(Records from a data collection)
[Start of Attachment]
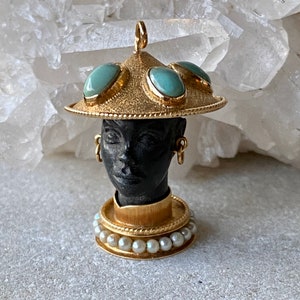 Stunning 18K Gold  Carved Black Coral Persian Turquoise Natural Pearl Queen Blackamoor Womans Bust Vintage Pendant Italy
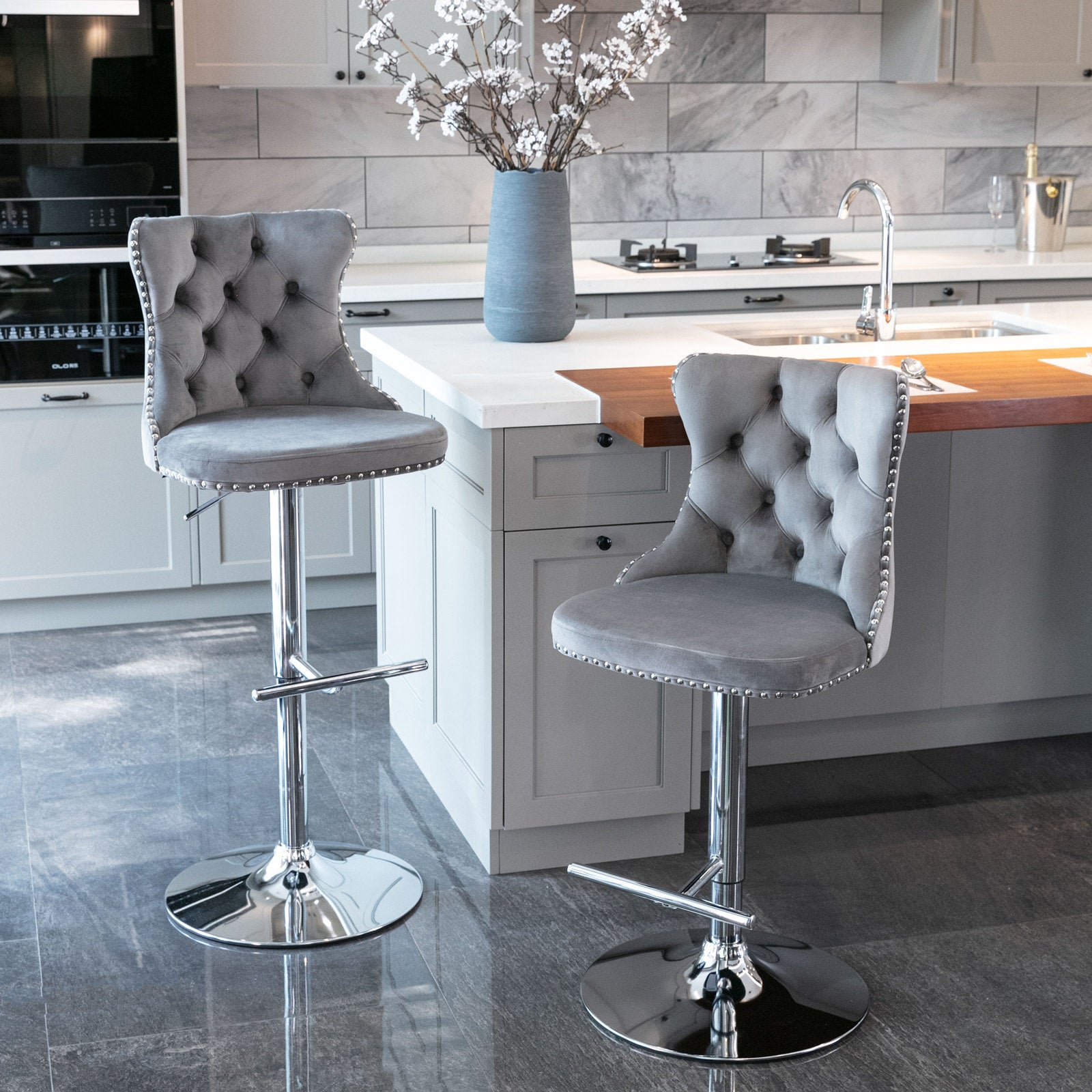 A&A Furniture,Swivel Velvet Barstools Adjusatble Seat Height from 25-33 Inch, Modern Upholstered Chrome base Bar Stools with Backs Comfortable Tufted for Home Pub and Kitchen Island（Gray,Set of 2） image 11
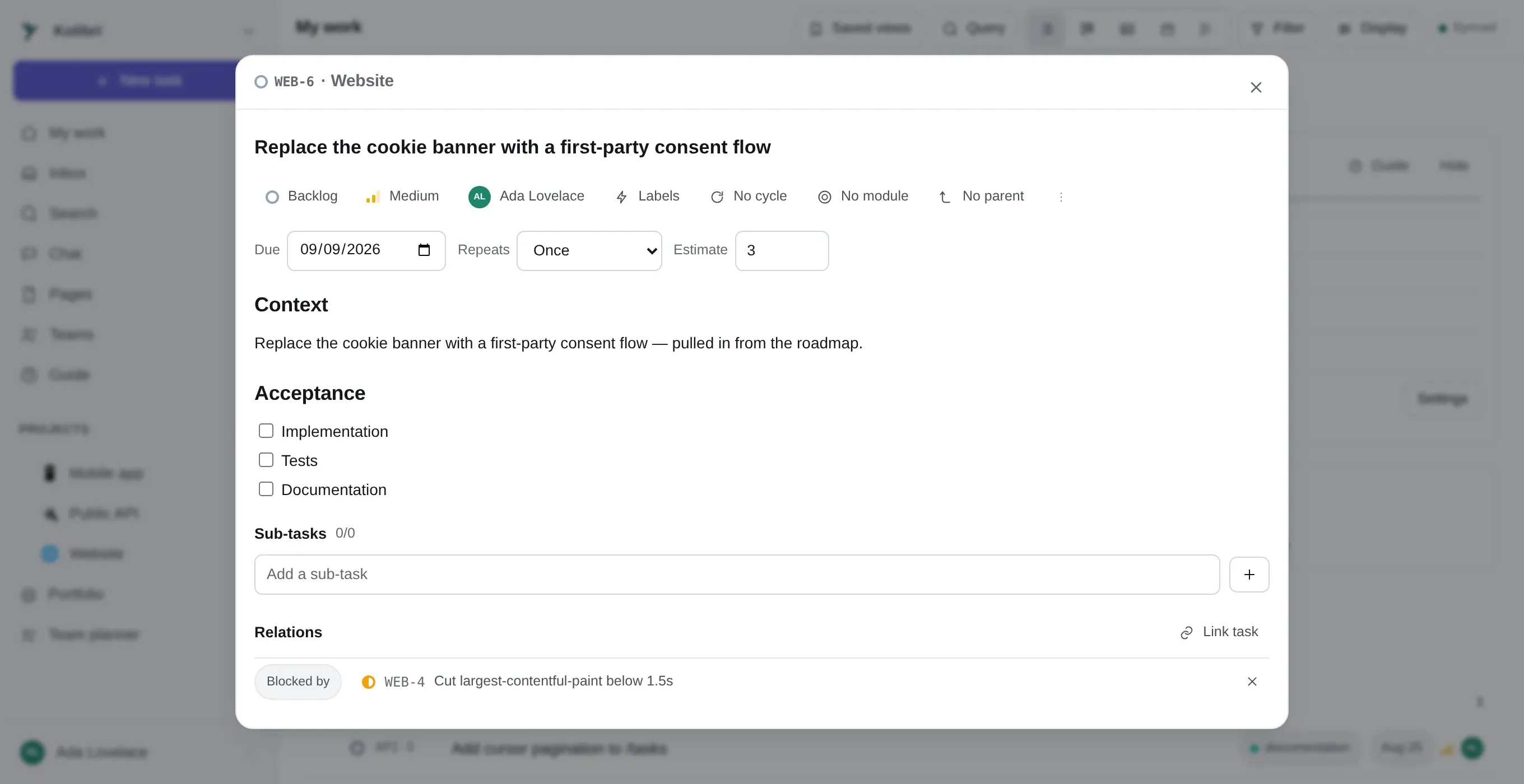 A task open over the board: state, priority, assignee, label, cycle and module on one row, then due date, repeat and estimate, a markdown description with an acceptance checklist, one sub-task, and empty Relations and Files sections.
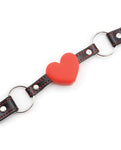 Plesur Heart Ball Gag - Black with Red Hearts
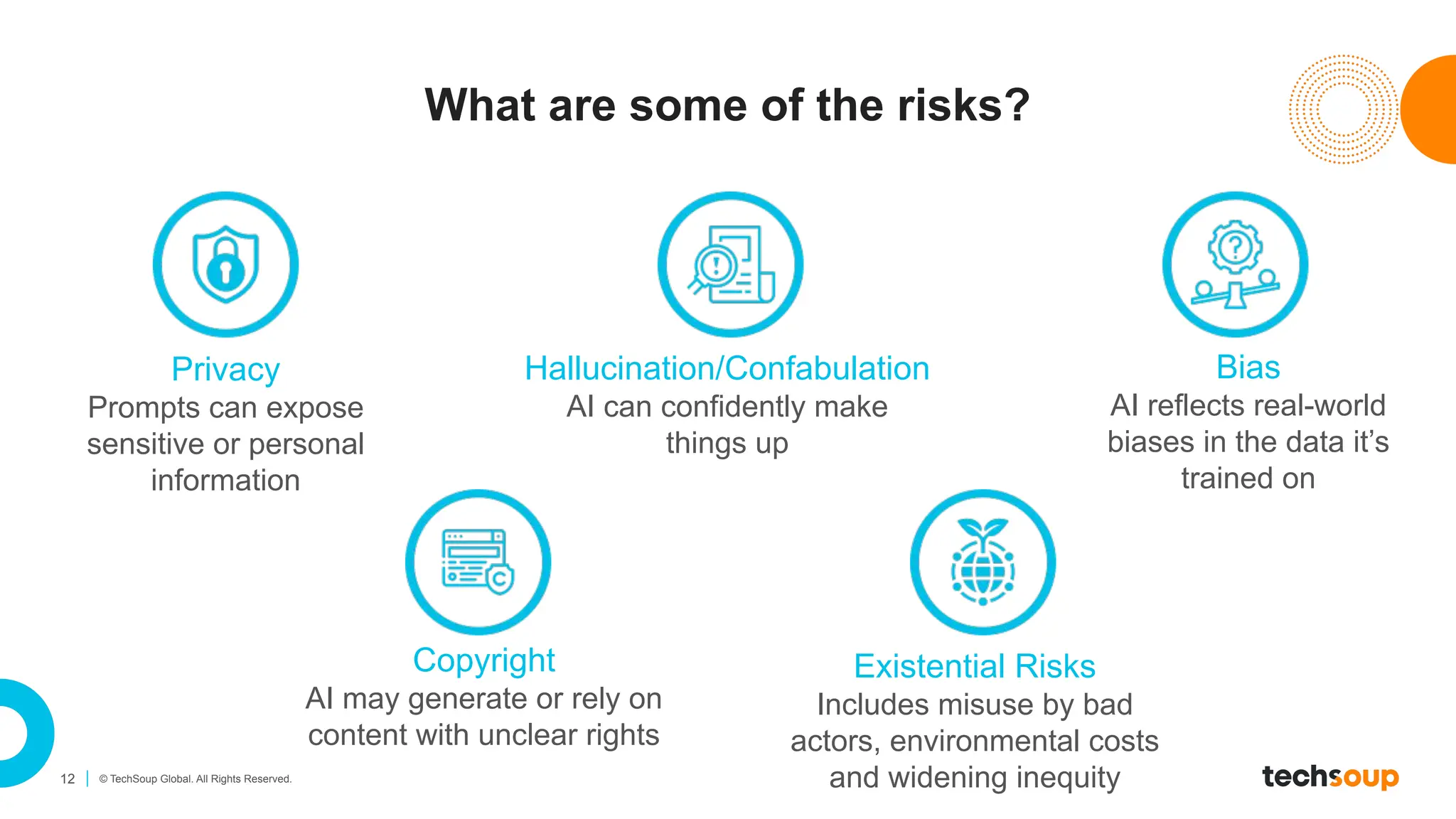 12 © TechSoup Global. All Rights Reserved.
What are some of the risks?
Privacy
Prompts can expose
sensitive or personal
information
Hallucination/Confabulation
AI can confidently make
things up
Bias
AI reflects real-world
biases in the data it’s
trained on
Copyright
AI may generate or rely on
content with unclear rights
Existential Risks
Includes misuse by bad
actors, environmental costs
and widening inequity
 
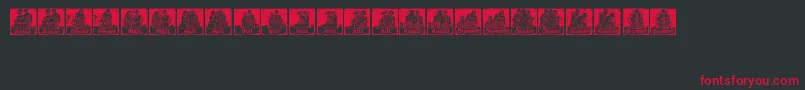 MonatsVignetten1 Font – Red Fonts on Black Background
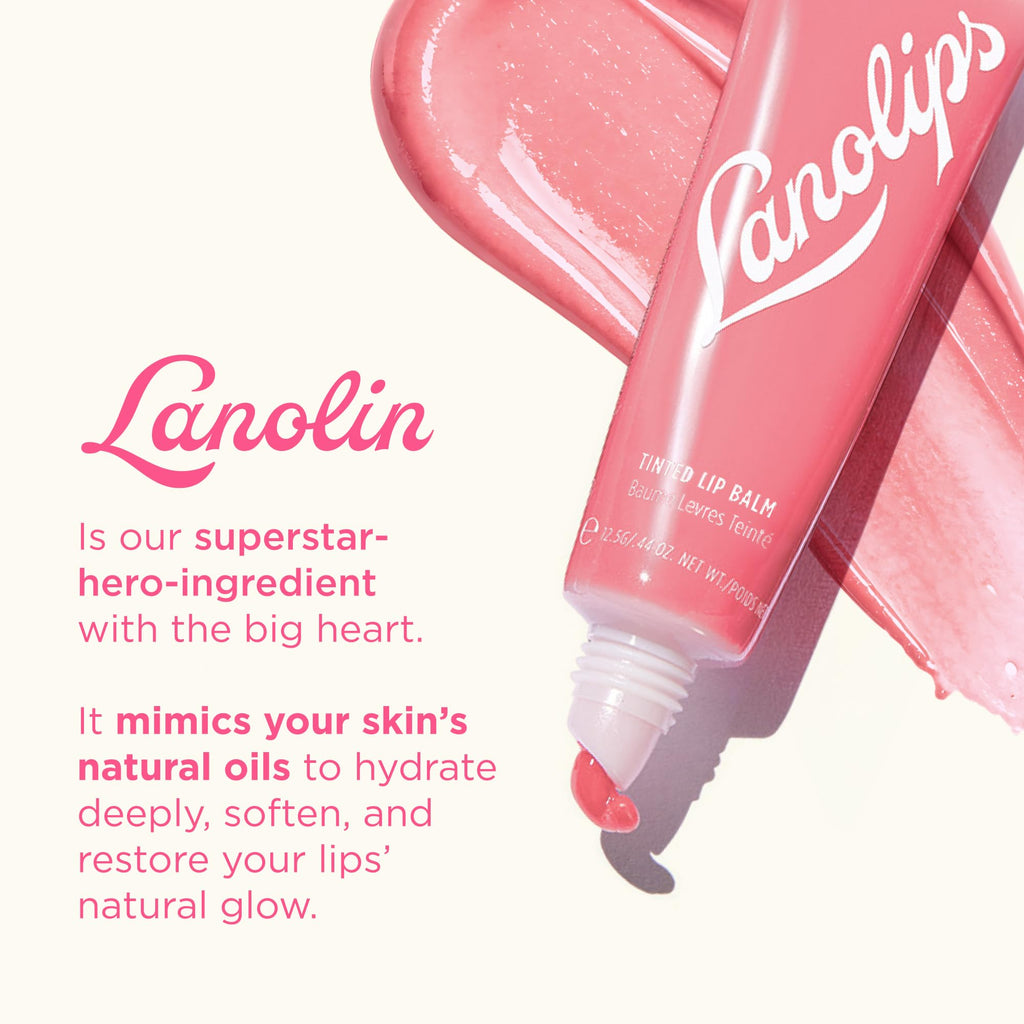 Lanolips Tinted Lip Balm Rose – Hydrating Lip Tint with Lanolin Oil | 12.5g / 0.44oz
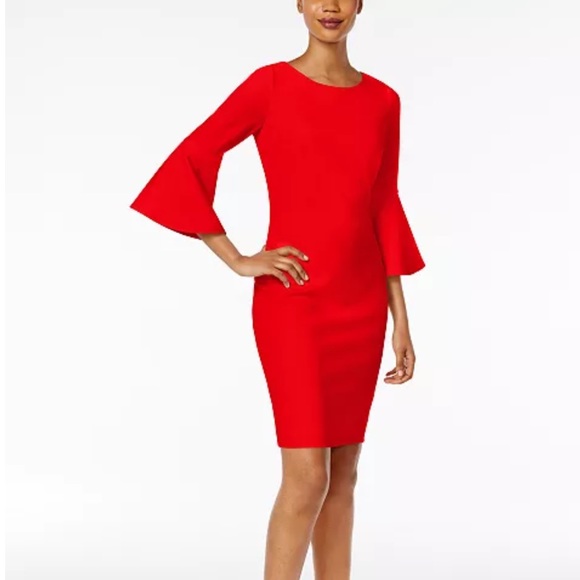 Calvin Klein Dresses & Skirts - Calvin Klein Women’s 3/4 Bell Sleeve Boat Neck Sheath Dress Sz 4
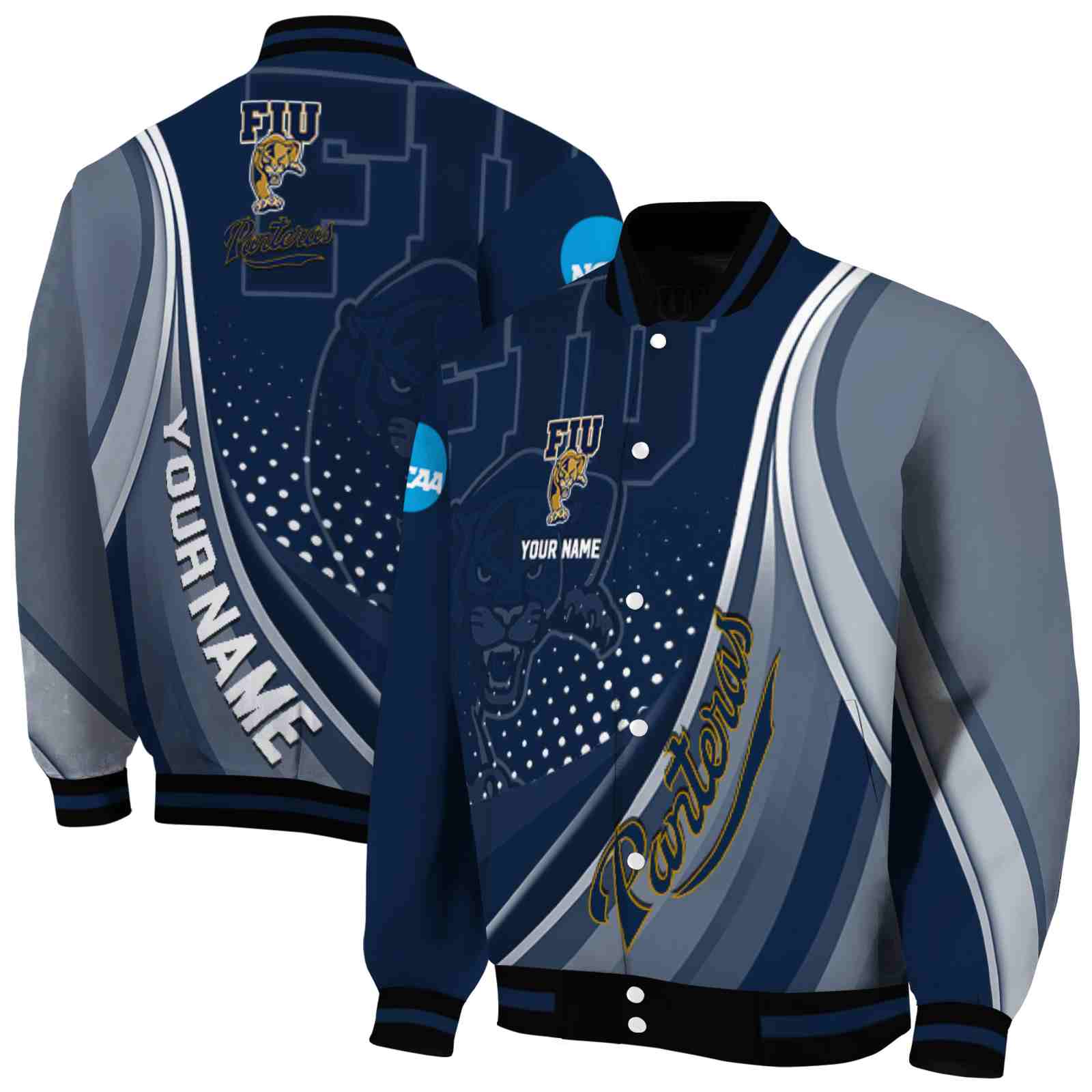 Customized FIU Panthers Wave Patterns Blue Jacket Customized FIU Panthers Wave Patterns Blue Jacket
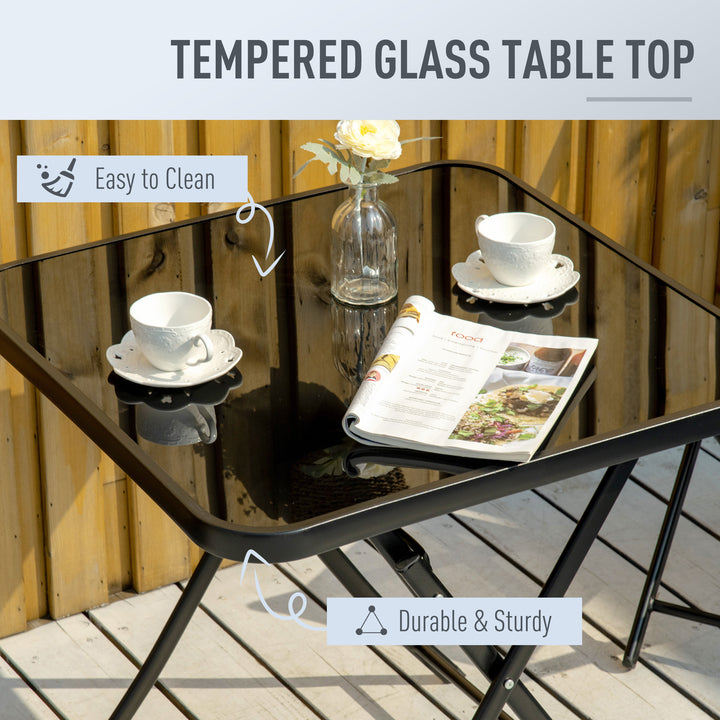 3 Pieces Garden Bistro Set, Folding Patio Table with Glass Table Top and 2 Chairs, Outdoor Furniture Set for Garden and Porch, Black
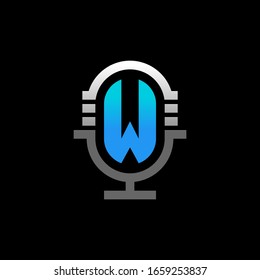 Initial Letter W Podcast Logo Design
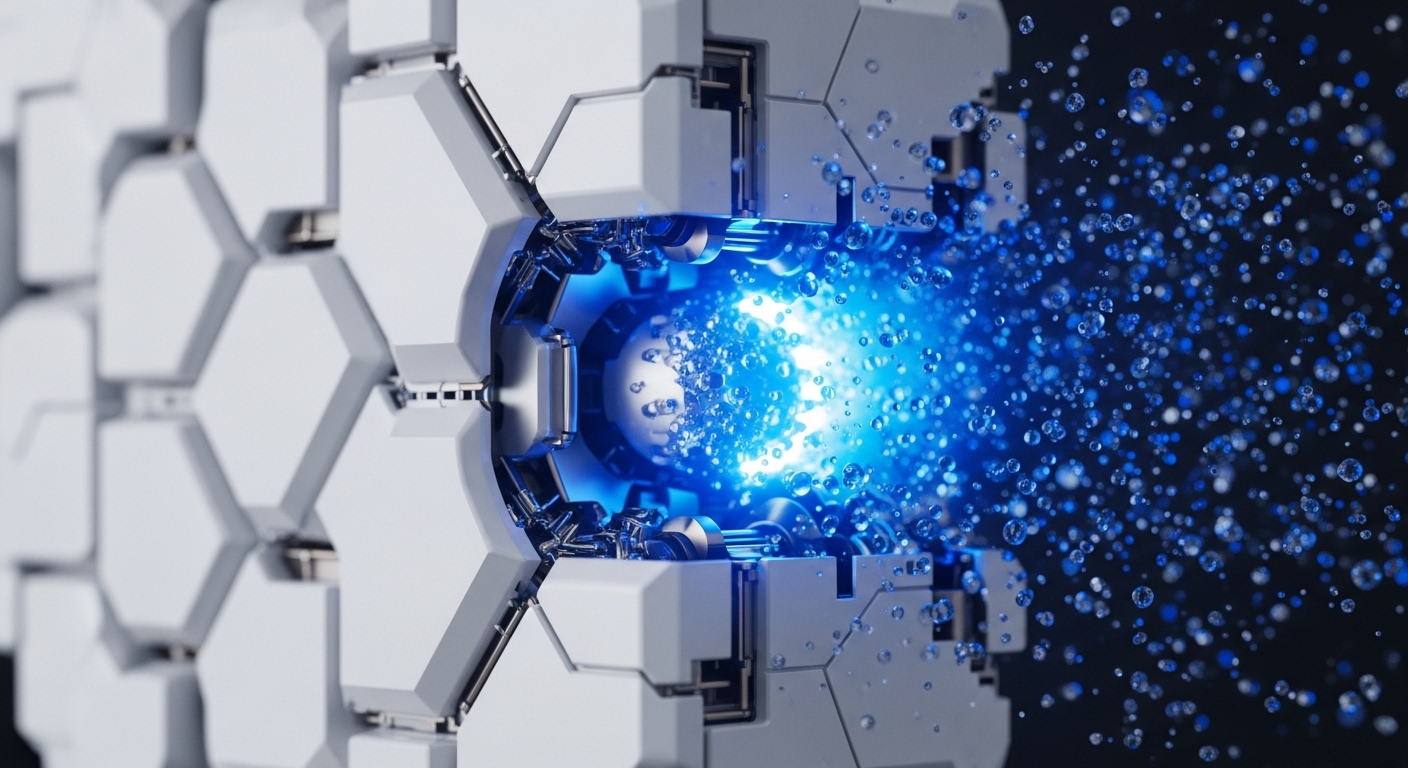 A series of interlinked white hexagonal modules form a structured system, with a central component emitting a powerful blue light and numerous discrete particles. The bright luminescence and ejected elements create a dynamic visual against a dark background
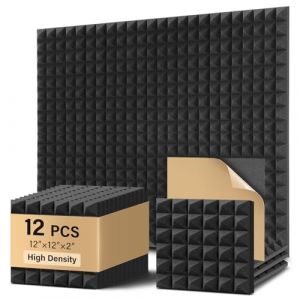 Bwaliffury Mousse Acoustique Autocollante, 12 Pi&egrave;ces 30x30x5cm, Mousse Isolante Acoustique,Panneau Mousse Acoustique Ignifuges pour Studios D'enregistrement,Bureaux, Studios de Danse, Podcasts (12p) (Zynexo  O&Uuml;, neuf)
[End of Attachment]
*WORK INSTRUCTIONS*
Reproduce each entry precisely, dropping only the pictures.

*RESPONSE FOR THIS EXERCISE*
 Stunning 18K Gold  Carved Black Coral Persian Turquoise Natural Pearl Queen Blackamoor Womans Bust Vintage Pendant Italy
 A&A Furniture,Swivel Velvet Barstools Adjusatble Seat Height from 25-33 Inch, Modern Upholstered Chrome base Bar Stools with Backs Comfortable Tufted for Home Pub and Kitchen Island（Gray,Set of 2） image 11
 A task open over the board: state, priority, assignee, label, cycle and module on one row, then due date, repeat and estimate, a markdown description with an acceptance checklist, one sub-task, and empty Relations and Files sections.
 Plesur Heart Ball Gag - Black with Red Hearts
 12 © TechSoup Global. All Rights Reserved.
What are some of the risks?
Privacy
Prompts can expose
sensitive or personal
information
Hallucination/Confabulation
AI can confidently make
things up
Bias
AI reflects real-world
biases in the data it’s
trained on
Copyright
AI may generate or rely on
content with unclear rights
Existential Risks
Includes misuse by bad
actors, environmental costs
and widening inequity
 
 MonatsVignetten1 Font – Red Fonts on Black Background
 Lanolips Tinted Lip Balm Rose – Hydrating Lip Tint with Lanolin Oil | 12.5g / 0.44oz
 Calvin Klein Dresses & Skirts - Calvin Klein Women’s 3/4 Bell Sleeve Boat Neck Sheath Dress Sz 4
 Customized FIU Panthers Wave Patterns Blue Jacket Customized FIU Panthers Wave Patterns Blue Jacket
 3 Pieces Garden Bistro Set, Folding Patio Table with Glass Table Top and 2 Chairs, Outdoor Furniture Set for Garden and Porch, Black
 Initial Letter W Podcast Logo Design
 A series of interlinked white hexagonal modules form a structured system, with a central component emitting a powerful blue light and numerous discrete particles. The bright luminescence and ejected elements create a dynamic visual against a dark background
 Bwaliffury Mousse Acoustique Autocollante, 12 Pi&egrave;ces 30x30x5cm, Mousse Isolante Acoustique,Panneau Mousse Acoustique Ignifuges pour Studios D'enregistrement,Bureaux, Studios de Danse, Podcasts (12p) (Zynexo  O&Uuml;, neuf)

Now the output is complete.